Chris Kanaracus | March 8, 2013
It may not be "feasible" to complete a gigantic SAP software project meant to unify California's many public employee payroll systems, according to a report issued this week by the state's Legislative Analyst's office.

It may not be "feasible" to complete a gigantic SAP software project meant to unify California's many public employee payroll systems, according to a report issued this week by the state's Legislative Analyst's office.

California officials recently fired SAP from the struggling US$373 million project. While the project had been based on SAP software from the start, the vendor came on as systems integrator in 2010, after the state fired BearingPoint, its original contractor.

While the first of five project phases went live last year, it "revealed a significant volume of troubling errors," according to state Controller John Chiang's office. Employees covered under phase one reportedly suffered from incorrect pay calculations and other issues.

California has already spent more than $260 million on the project and officials are undergoing an assessment of what to do next, including whether it will be possible to use any part of SAP's work.

Dubbed MyCalPAYS, the system was first proposed in 2004 and would serve nearly 300,000 state employees, according to the Legislative Analyst's office report.

"The Legislature now faces very difficult decisions concerning this project," the report states. One path may be to decide spending more money on the project is foolish and instead funds should be directed elsewhere, it adds. "The Legislature, on the other hand, must weigh this concern against the importance of updating the state's aged payroll systems, a critical component of the state's personnel and financial management."

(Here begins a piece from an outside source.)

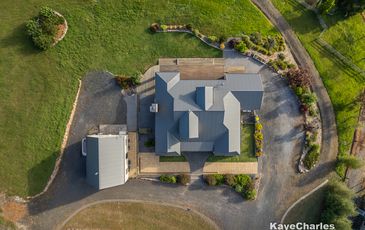 82 Downey Road, Dewhurst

However, in general, California's legacy payroll systems "seem a credible (and, in practice, the only) alternative for the state to use over the next few years," the report states. "Given the availability of these still-functioning legacy systems, we suggest that the Legislature prioritize thoroughness over timeliness as it evaluates the shortcomings of [MyCalPAYS] and considers new alternatives."

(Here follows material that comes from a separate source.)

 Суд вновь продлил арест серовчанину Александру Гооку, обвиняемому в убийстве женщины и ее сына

It could take a year or more for the state to have an independent contractor thoroughly vet SAP's work and decide on a best course of action, the report adds.

However, continuing the MyCalPAYS project as currently envisioned may not be possible, according to the report: "Due to recent events, it is unclear to our office that integrating the state's payroll systems, in their current structure, is feasible."

Lawmakers should ultimately weigh both that scenario as well as a number of alternatives, it adds.

These include sticking with and maintaining the legacy systems; updating legacy systems in a decentralized manner; and hiring a contractor "to restart configuration with a new underlying software solution," the report states.

An SAP spokesman declined to comment Thursday on the report's findings and pointed to SAP's previous statement on being fired from the project.

"SAP is extremely disappointed in the SCO's actions," the company said at the time. "SAP stands behind our software and actions." Its software is "functioning in thousands of government agencies around the world," and SAP believes it has satisfied all of its contractual obligations, the statement added.